They’re not thinking long term, they want immediate and maximum profits

[–] Sheeple@lemmy.world 17 points 10 months ago

It makes quarterlys look good immediately before the problems show up later

It's the mindset of someone who wants to cash out which is usually all ultracapitalists

[–] wintermute_oregon@lemm.ee 6 points 10 months ago

Most of them are not. That’s the beauty of a cash cow like Google. They’re working on things that may be profitable in the future. By cutting the future, you’re cutting future growth.
It’s why I dislike hedge funds. They’re stripping value instead of creating value.

[–] Empricorn@feddit.nl 15 points 9 months ago

The source matters, too. This is a dude exploiting people and hoarding so much needed wealth. To an obscene amount. Like, he has more than enough to do everything he could possibly dream of, for the rest of his life. And long after he's gone, all his descendants will be set and will never have to worry about money for their entire lives...

So what does this psychopath obsess about? "Please kick people out into the street and reduce the pay of anyone who remains. Number go up... Fuck em, got mine lol"

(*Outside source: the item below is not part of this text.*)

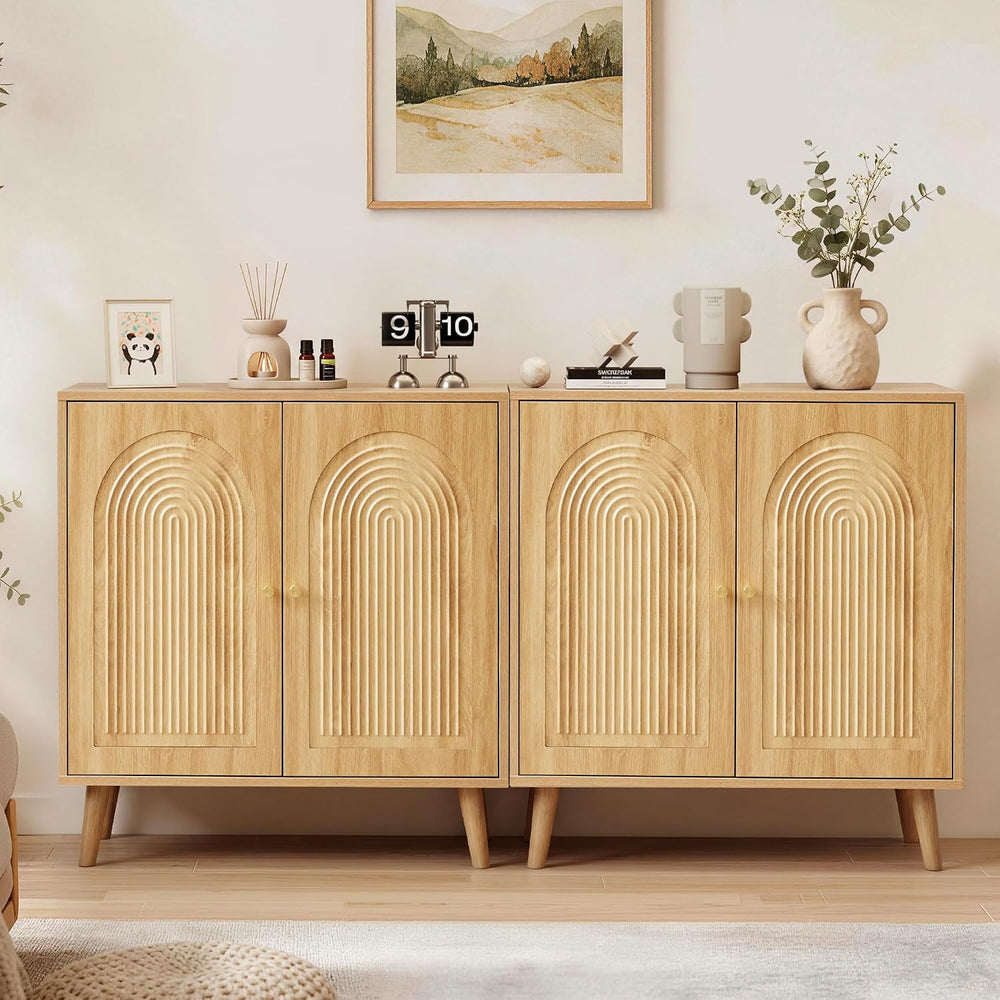 31.5" Accent Cabinet Set of 2, Arched Fluted Storage Cabinet (Natural)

[–] cultsuperstar@lemmy.world 9 points 9 months ago

Because he doesn't care. He's looking out for himself.

"Hey Googs, you have too many employees and that's cutting in my investments. Shitcan 150,000 so my investments go up and I make more billions kthxbye"

[–] marcos@lemmy.world 5 points 10 months ago* (last edited 10 months ago) (1 children)

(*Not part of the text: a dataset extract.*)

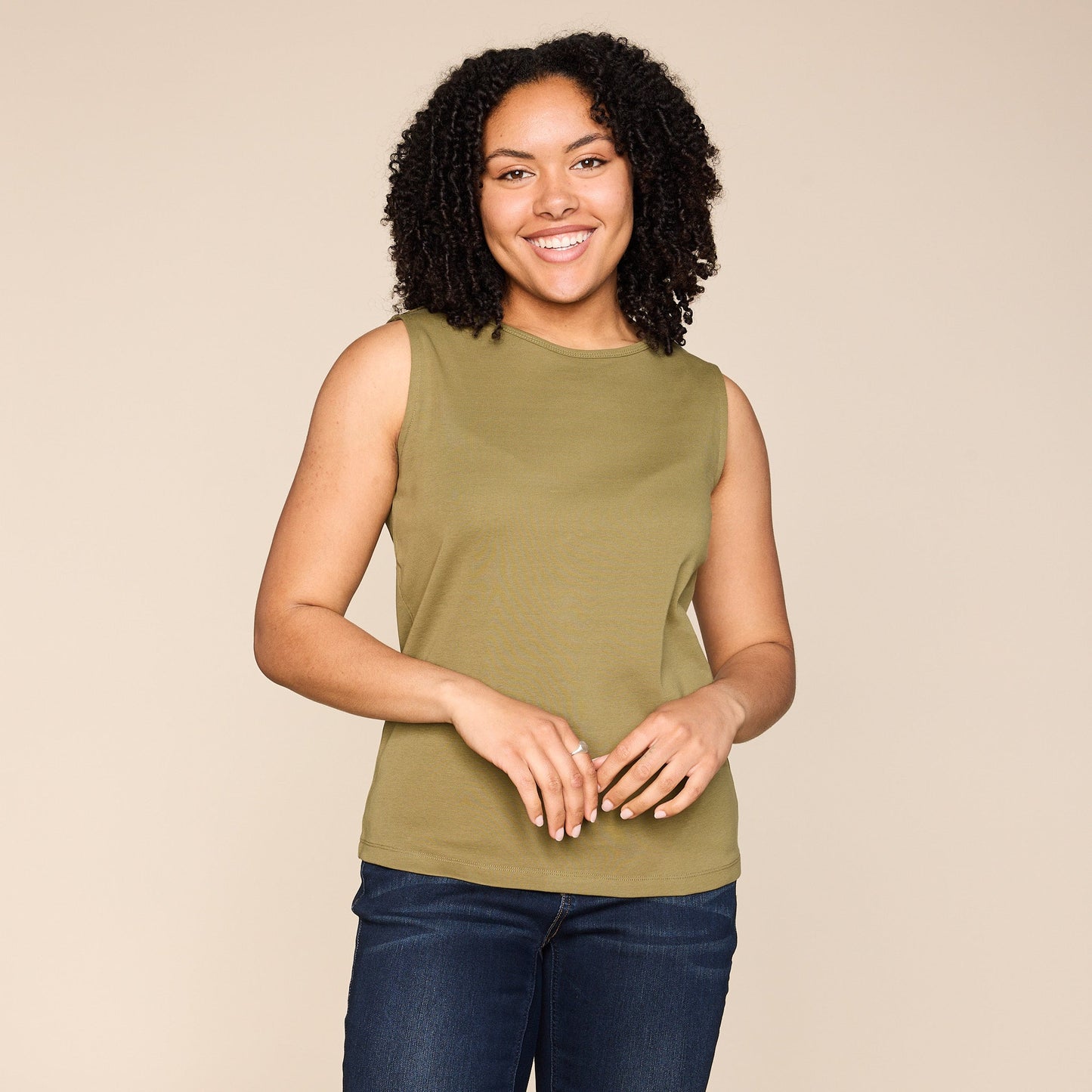 Christopher & Banks Women's Plus Size Sleeveless Crew Neck Perfect Tank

The funny thing is... what are the operational requirements of an R&D organization?

As far as I can see, it's nothing, by definition.

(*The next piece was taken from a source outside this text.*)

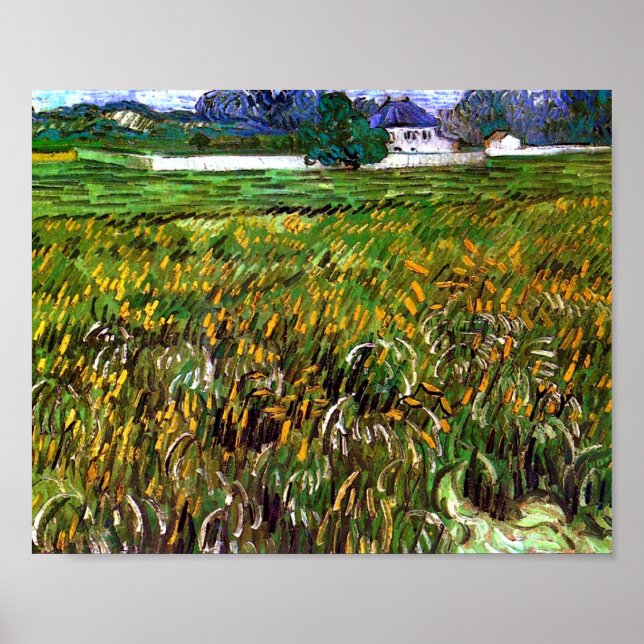 Pôster Auvers de Campos de Trigo, Casa Branca Van Gogh, B (Frente)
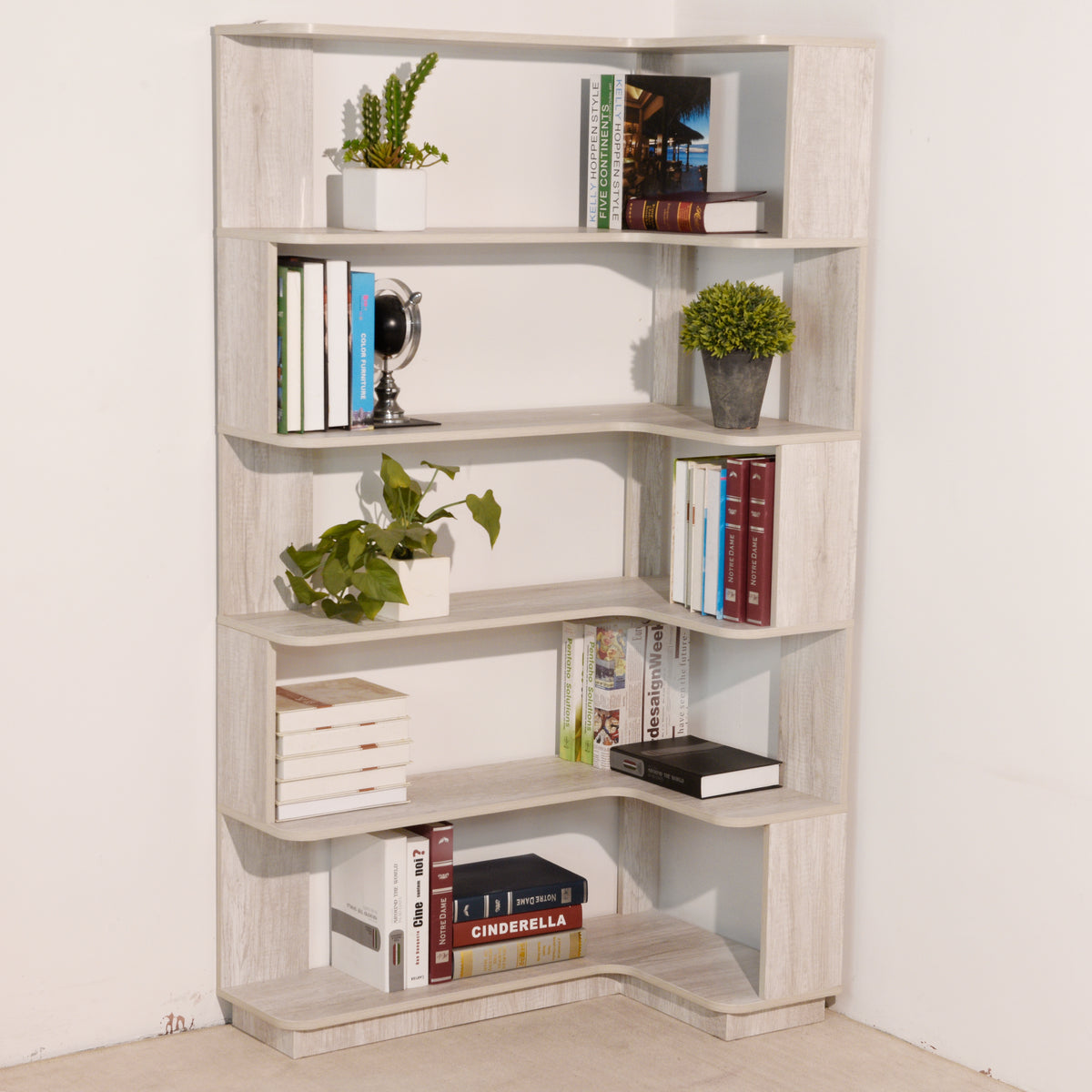 Light Gray Freestanding Corner Bookshelf with Anti-Tip Safety Design - Elirian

Anyway, does the rich person there not understand that? Also, what is the value of an R&D organization where people are demotivated?

[–] Enkers@sh.itjust.works 10 points 10 months ago (1 children)

The rich person only cares about short term profits. They want to liquidate any good will and long term preparedness. Once the host corporation has been sufficiently bled of value, the parasite will move on to the next source of value it can find.

[–] marcos@lemmy.world 5 points 10 months ago (1 children)

But then, an R&D organization doesn't have short term profits.

[–] Enkers@sh.itjust.works 6 points 9 months ago* (last edited 9 months ago)

Correct. R&D only creates future value. Usually in the VC model, R&D is done by individuals or small groups and then funded (bought) by VC to get it to market. So even though the R&D do-er can cash out their future profits for immediate profits, the value of that R&D can't be realized immediately.

I personally think the VC and legacy models are currently competing, and VC is winning out. As we see here, even large, established companies aren't immune to impinging VCs.